What to produce
Set down the data again word for word. Skip any pictures.

Information supplied
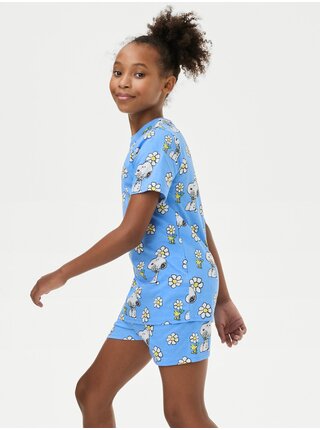 Modré dievčenské vzorované pyžamo s motivom Snoopy Marks & Spencer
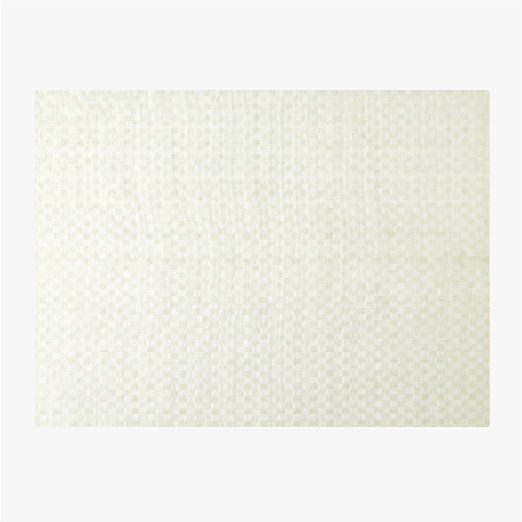 Stassi Warm White Check New Zealand Wool and Jute Area Rug 9'x12'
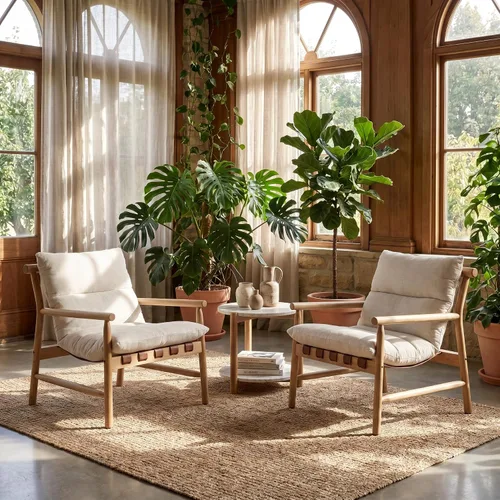 Miniatura 3 de Silla de acento de lino con diseño moderno de mediados de siglo, sillas de sala de estar cómodas con brazos, silla de lectura tapizada con marco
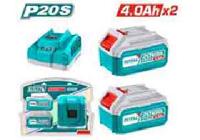 20V/4.0Ah Bộ 2 pin và sạc (P20S) Total TFBCPK1424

Response
 Modré dievčenské vzorované pyžamo s motivom Snoopy Marks & Spencer
 Stassi Warm White Check New Zealand Wool and Jute Area Rug 9'x12'
 Miniatura 3 de Silla de acento de lino con diseño moderno de mediados de siglo, sillas de sala de estar cómodas con brazos, silla de lectura tapizada con marco
 20V/4.0Ah Bộ 2 pin và sạc (P20S) Total TFBCPK1424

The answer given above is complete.